## Available records:

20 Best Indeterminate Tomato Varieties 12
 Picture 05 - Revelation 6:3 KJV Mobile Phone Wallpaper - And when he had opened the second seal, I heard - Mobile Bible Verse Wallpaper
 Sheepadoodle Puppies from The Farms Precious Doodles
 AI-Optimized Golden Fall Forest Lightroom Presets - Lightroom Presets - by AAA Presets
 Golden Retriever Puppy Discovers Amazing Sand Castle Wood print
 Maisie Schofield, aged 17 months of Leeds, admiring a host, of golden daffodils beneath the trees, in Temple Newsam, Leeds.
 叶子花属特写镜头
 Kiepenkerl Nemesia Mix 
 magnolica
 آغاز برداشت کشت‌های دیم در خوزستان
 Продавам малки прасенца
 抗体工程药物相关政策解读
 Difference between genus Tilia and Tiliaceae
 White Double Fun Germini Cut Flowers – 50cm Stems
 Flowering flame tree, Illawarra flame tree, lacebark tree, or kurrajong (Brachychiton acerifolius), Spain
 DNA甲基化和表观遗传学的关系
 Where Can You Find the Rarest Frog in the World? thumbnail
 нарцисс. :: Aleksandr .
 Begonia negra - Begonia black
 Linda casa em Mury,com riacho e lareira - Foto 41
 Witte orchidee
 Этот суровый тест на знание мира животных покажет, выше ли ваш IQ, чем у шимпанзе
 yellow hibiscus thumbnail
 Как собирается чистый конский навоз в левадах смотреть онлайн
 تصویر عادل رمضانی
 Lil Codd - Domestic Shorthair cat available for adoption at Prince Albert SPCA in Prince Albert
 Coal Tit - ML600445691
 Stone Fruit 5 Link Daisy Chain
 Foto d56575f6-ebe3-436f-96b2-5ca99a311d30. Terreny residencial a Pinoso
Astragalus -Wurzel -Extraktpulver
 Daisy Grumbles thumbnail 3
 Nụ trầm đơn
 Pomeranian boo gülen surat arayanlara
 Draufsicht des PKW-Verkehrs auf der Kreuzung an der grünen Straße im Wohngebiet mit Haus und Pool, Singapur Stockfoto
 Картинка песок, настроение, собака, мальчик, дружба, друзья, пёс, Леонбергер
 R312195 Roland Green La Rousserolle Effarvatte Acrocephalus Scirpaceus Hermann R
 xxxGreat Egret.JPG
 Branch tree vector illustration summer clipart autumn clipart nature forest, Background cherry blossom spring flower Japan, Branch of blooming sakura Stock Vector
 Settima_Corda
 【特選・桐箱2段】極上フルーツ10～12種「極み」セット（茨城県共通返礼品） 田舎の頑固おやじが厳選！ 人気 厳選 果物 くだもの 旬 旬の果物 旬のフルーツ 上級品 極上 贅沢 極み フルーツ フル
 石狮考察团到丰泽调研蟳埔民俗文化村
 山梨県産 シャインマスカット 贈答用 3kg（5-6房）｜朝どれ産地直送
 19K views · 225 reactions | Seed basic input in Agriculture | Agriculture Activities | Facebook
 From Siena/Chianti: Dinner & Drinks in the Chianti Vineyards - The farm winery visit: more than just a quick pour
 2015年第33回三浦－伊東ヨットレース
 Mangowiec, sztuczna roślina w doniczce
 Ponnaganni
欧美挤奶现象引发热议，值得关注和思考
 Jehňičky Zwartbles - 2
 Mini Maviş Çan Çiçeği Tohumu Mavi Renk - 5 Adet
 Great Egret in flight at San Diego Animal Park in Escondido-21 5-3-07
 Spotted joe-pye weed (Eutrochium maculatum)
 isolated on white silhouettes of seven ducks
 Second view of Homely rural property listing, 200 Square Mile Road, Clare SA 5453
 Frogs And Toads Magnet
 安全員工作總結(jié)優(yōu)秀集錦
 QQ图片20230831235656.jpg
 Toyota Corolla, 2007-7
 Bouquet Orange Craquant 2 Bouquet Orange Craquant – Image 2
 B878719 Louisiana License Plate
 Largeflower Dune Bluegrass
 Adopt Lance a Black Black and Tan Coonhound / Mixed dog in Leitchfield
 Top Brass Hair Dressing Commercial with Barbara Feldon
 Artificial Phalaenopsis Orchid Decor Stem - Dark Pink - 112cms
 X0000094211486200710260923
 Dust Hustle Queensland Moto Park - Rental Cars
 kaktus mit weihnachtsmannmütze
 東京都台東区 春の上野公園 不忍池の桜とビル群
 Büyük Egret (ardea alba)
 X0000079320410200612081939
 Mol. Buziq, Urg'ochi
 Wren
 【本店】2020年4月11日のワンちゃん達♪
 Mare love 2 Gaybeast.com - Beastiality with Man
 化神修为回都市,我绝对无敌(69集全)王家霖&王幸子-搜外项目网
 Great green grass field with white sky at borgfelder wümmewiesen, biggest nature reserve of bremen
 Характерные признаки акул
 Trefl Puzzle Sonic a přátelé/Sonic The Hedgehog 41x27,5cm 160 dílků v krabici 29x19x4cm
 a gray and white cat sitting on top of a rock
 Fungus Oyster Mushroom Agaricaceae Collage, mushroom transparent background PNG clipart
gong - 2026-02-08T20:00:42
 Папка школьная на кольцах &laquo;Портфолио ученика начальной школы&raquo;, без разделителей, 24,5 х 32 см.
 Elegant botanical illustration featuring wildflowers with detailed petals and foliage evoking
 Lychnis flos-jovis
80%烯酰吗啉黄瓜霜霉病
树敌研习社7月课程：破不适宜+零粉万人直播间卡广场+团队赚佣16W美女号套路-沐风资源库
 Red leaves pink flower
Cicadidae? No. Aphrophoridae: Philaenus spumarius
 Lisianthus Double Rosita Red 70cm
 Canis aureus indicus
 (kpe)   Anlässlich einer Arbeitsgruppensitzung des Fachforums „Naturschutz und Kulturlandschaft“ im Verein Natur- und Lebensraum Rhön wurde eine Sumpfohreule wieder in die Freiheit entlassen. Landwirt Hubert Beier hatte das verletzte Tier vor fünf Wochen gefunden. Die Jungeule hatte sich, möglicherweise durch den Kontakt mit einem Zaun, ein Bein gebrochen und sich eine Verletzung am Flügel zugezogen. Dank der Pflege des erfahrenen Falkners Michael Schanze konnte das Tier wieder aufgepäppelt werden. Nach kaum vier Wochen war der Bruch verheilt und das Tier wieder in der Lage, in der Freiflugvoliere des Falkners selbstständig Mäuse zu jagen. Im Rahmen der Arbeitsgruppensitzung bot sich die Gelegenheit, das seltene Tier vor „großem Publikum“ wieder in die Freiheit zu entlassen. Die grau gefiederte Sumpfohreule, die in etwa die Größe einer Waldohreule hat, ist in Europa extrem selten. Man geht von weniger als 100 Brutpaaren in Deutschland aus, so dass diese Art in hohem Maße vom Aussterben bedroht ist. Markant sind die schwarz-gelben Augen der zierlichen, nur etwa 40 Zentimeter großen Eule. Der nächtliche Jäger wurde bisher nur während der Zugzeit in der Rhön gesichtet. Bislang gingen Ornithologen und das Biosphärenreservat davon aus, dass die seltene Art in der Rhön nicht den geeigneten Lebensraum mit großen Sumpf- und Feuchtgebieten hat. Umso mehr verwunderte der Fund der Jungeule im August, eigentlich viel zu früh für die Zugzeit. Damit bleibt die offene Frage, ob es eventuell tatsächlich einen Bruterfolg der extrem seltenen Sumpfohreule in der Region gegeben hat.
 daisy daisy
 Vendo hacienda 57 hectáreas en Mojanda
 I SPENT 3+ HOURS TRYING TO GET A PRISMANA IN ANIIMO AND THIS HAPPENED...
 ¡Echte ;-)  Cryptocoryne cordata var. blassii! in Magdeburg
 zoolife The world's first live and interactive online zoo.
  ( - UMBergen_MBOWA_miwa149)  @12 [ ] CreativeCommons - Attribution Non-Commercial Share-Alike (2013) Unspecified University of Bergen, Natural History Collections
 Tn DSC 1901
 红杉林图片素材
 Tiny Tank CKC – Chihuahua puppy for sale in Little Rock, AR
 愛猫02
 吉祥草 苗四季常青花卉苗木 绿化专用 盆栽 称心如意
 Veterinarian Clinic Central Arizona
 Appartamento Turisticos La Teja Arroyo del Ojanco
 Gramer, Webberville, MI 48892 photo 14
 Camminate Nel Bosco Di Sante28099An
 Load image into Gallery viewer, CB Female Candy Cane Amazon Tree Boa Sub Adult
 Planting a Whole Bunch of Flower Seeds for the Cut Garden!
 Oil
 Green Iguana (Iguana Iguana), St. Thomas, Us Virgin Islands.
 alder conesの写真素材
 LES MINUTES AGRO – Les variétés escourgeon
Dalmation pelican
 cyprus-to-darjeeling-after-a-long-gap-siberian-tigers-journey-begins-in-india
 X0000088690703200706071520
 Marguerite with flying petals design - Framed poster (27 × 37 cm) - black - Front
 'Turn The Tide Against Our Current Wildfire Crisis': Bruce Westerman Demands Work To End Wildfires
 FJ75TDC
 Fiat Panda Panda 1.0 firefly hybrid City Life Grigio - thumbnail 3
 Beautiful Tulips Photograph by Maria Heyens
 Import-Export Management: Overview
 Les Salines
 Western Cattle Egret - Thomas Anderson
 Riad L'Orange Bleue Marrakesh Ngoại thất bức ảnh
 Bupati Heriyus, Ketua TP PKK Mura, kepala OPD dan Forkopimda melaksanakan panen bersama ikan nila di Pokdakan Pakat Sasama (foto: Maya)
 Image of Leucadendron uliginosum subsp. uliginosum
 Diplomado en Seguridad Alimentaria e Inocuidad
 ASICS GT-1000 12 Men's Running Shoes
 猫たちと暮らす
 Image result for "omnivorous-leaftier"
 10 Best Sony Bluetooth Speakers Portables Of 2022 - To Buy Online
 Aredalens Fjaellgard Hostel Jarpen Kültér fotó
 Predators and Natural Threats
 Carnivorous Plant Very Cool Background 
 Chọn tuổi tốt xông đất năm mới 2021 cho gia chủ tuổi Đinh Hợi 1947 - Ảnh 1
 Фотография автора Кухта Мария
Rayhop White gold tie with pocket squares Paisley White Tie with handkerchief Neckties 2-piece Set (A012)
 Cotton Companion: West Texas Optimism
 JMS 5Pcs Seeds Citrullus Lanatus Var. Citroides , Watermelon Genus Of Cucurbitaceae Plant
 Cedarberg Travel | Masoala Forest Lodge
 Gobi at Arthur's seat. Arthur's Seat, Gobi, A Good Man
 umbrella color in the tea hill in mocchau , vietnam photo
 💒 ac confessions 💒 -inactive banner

## Exercise prompt:
In how many lines of the material does the word "Natural" appear? Give only the number.

## Exercise result:
2